レッスンを受けるお部屋のネット環境や、使いたいデバイス、Wi-Fiの有無やご予算など、環境やご事情はお一人お一人違うと思います。
ご自分の場合はどんな準備が必要になるのか、どんな手順が合うかを予め分かっていると、スムーズに準備を進めることができると思います。宜しければ参考になさってくださいね。
[最優先するのは]通信が安定する環境
オンラインレッスンで最も大事なのは、機材よりも、部屋の片付けよりも、安定した通信状態です。安定した通信!(大事なことなので二度)
よくテレビ番組などで出演者がリモートで出ている時に、音が途切れたり、無音が続いたり、水の中で喋っているような、ゴボゴボした聞きにくい音質になることがありますよね。すごい機材とプロの技術者がバッチリ揃っているテレビ局でも、通信状態が不安定になればそうなる、ということです。
オンラインレッスンは、お互いに映像と音を送ったり受け取ったりするので、普段の使い方よりも通信量が多くなります。状態が不安定になると、演奏を聴いている最中に音切れが続いたり、無音が続いてレッスンが中断してしまったりします。
今のうちにネット環境をチェックしておきましょう。そして、Wi-Fi(無線)にするか有線接続にするかを選んでおくと、準備の手順も決めやすくなると思います。
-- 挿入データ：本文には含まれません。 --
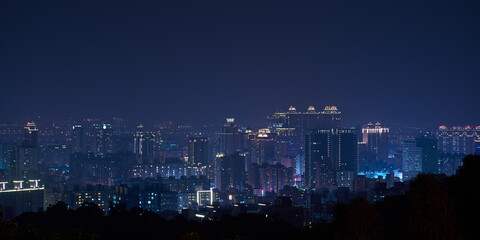 Obraz premium Taoyuan City Skyline - Asia modern business city, panoramic cityscape at night, shot in Taoyuan, Taiwan.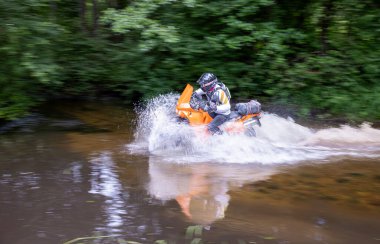 Moto ekipmanlı profesyonel motosikletçi doğada dayanıklı bisiklet sürüyor, sürücü çamurda ve su birikintilerinde sürüyor, motosiklet yarışı yapıyor. Off-road turnuvası. Ormanda dayanıklı sporlarda motosikletliler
通信量を抑えるならWi-Fi(無線)をお勧めしますし、より安定した通信を望む方には有線LANをお勧めします。詳しくはこの続きをどうぞ。
(9/15加筆)生徒さんからスマホの場合についてご質問を頂いたので加筆します。スマホは、LTEや4Gという携帯電話用の通信回線を使ってインターネットにつながります。その使用量に応じて通信料がかかります。使い過ぎると利用制限がかかったりしますよね。Wi-FiはLTEや4Gを使わないので、通信量を抑えることができ、利用制限もありません。ただし、セキュリティーのリスクは有線より無線の方が高くなります。
[Wi-Fiを使う場合]時間帯を変えて通信速度を計測しておく
Wi-Fiだと通信量を抑えることができます。通信速度が十分なこと、デバイスの状態が悪くないこと、相性の良いアプリを選ぶことが必要です。
通信速度を確認する
レッスンを受ける楽器のそばで、動画やライブ配信を視聴できるか確認してください。サクサク見られるのであれば、安定していると言えます。もし途切れたり止まったりするようなら、オンラインレッスンでも同様のことが起こりやすいと思います。
通信速度はスマホのアプリでも計測できます。通信が混み合うと速度が落ちるので、レッスンを予定している時間帯に、何度か計測してみることをお勧めします。アプリにはばらつきがあるので、2種類のアプリで計測して、ざっくり平均を出してみるのも良いと思います。
だいたい15Mbpsあれば大丈夫と言われていますが、実際にレッスンしていると15Mbpsは不安を感じる数値です。教室は光回線ですが、無線の速度を午前中、午後、夕方、深夜に測ると、下り(ダウンロード)は60前後〜80Mbps程度、上り(アップロード)は70前後〜90Mbps程度。上りがお昼前に62Mbpsまで落ちた日もありました。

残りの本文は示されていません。